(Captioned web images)
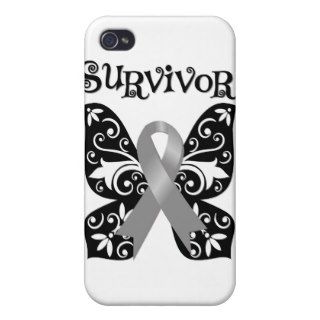 Brain Cancer Butterfly Survivor Cover For iPhone 4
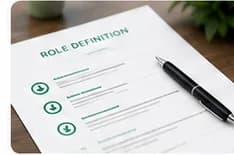 Role definition document with pen on a desk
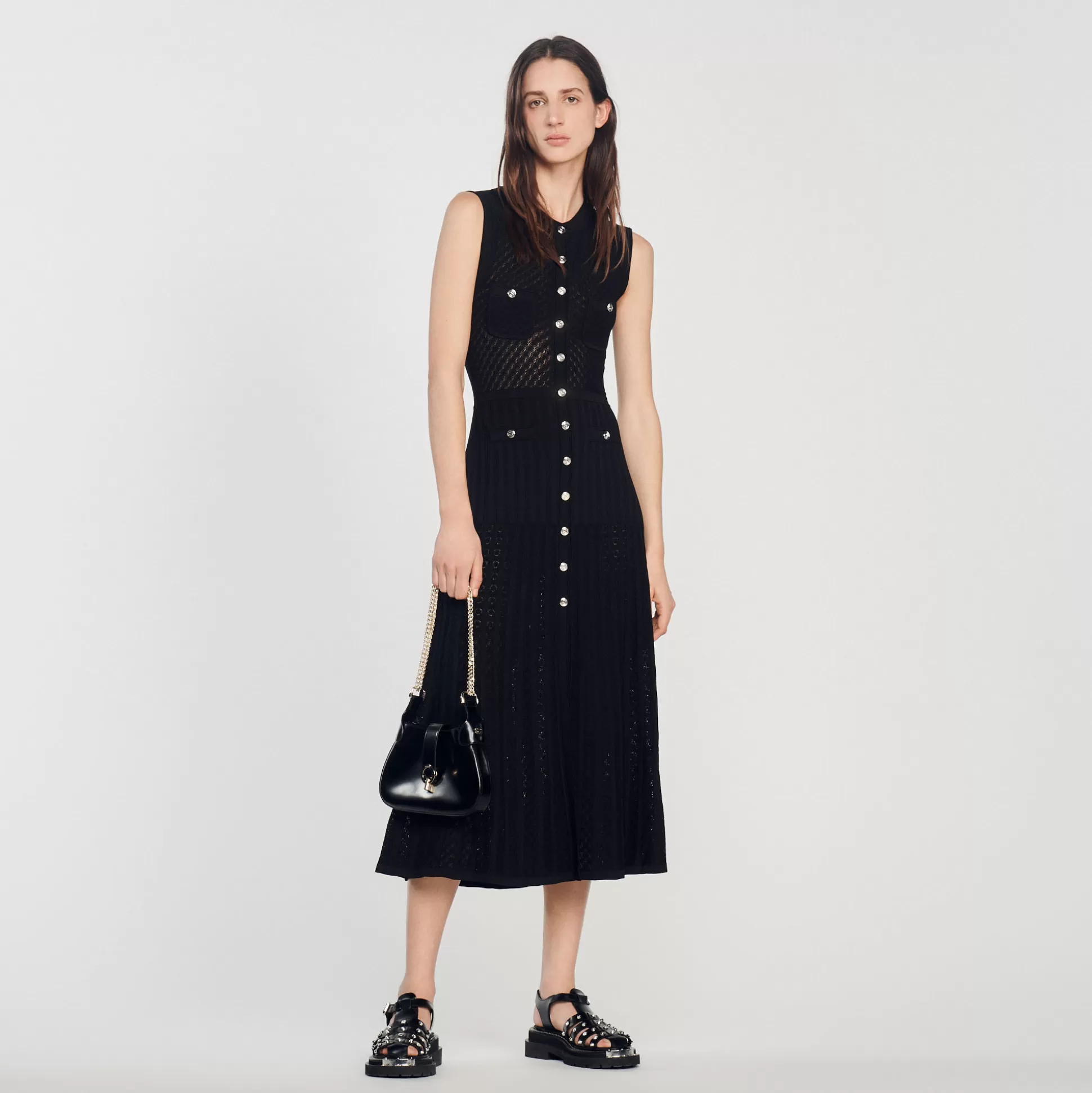 Sandro Paris Long Knitted Dress> Dresses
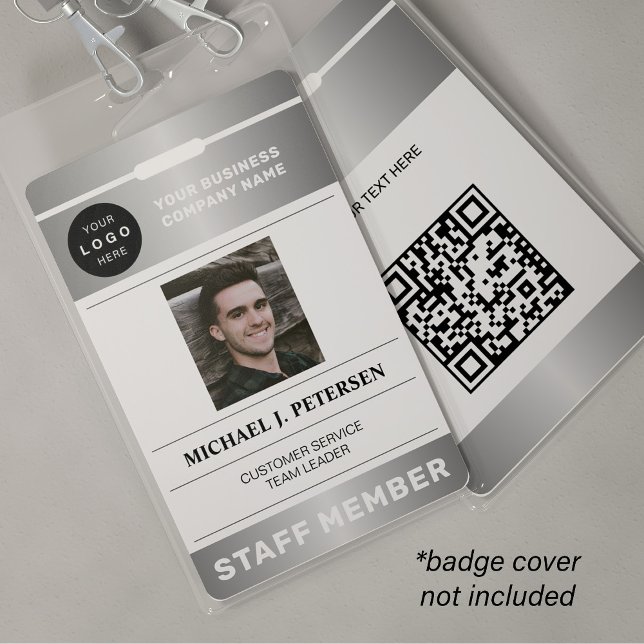 Badge Code QR logo d'entreprise photo d'employé ID argen (Créateur téléchargé)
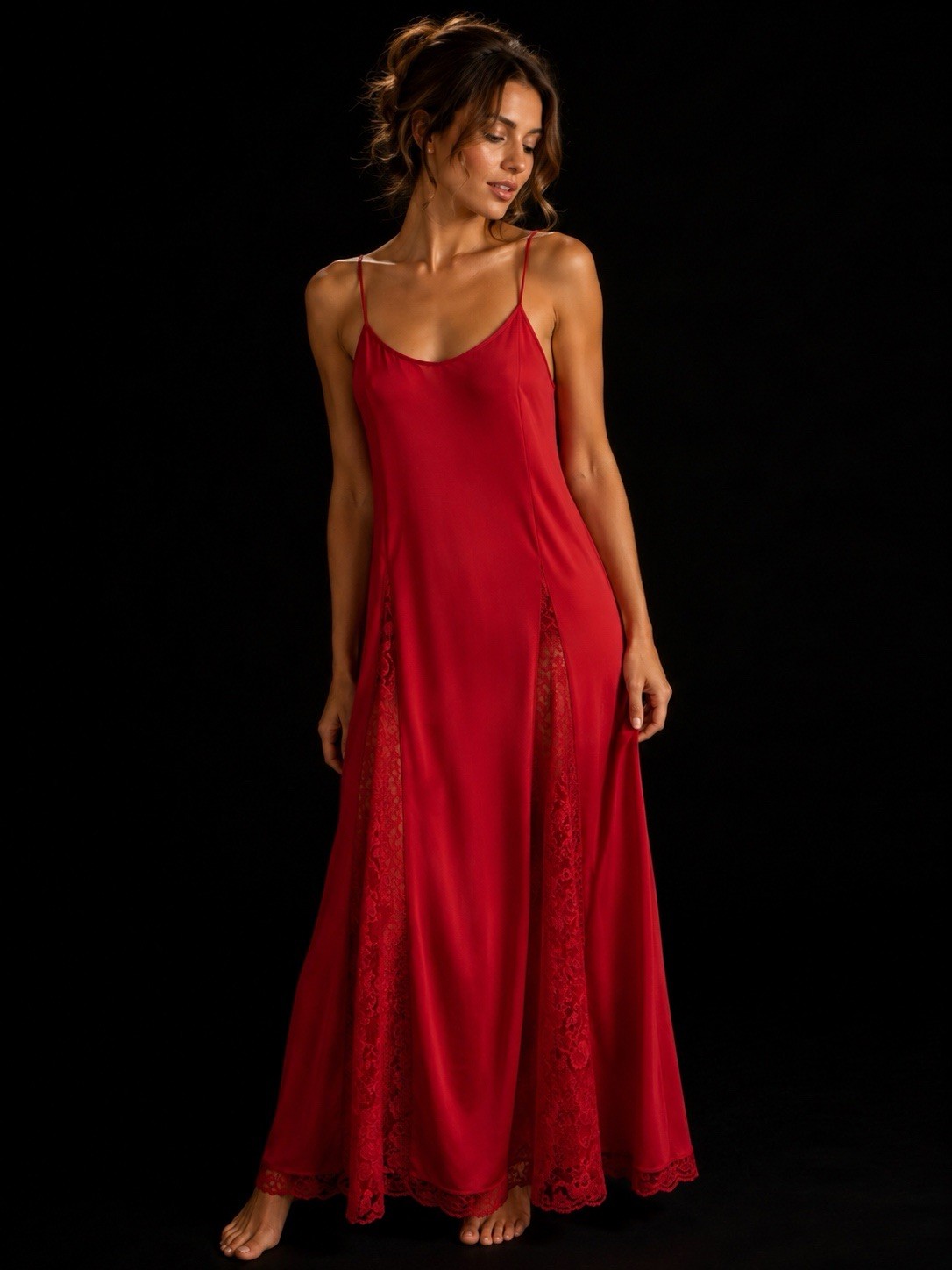 Vintage Petra Fashions Rich Crimson Red Silky Nightgown Lace Inset Panels Sz XL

## What is required
Without the pictures, repeat every record above exactly as written.

## Response box
 Brain Cancer Butterfly Survivor Cover For iPhone 4
 Role definition document with pen on a desk
 Sandro Paris Long Knitted Dress> Dresses
 Badge Code QR logo d'entreprise photo d'employé ID argen (Créateur téléchargé)
 Vintage Petra Fashions Rich Crimson Red Silky Nightgown Lace Inset Panels Sz XL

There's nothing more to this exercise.